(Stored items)

---*---

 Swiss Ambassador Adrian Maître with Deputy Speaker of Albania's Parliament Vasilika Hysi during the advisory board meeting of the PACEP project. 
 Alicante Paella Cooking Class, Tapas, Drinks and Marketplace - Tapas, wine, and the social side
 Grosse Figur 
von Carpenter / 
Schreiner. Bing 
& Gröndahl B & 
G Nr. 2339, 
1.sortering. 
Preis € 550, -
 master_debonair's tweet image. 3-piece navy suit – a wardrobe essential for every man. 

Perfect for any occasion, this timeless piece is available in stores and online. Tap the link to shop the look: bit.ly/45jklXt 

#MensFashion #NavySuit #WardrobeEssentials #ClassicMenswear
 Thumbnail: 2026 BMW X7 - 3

---*---

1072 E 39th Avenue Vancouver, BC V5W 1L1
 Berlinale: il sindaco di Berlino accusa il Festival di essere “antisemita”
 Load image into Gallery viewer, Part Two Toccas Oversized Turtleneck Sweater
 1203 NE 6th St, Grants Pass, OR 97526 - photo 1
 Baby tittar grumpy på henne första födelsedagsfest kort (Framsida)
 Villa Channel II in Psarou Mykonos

---*---

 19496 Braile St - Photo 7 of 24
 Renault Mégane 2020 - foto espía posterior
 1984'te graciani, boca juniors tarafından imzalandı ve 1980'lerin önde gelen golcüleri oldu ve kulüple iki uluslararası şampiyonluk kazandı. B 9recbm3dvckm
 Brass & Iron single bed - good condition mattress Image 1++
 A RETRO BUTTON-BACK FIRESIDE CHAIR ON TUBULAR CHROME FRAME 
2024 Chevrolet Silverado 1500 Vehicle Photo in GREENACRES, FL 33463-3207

---*---

TASK - Extract exactly and only the lines above from the line containing "19496 Braile St - Photo 7 of 24" through the line containing "2024 Chevrolet Silverado", both end lines included.

RESULT -
 19496 Braile St - Photo 7 of 24
 Renault Mégane 2020 - foto espía posterior
 1984'te graciani, boca juniors tarafından imzalandı ve 1980'lerin önde gelen golcüleri oldu ve kulüple iki uluslararası şampiyonluk kazandı. B 9recbm3dvckm
 Brass & Iron single bed - good condition mattress Image 1++
 A RETRO BUTTON-BACK FIRESIDE CHAIR ON TUBULAR CHROME FRAME 
2024 Chevrolet Silverado 1500 Vehicle Photo in GREENACRES, FL 33463-3207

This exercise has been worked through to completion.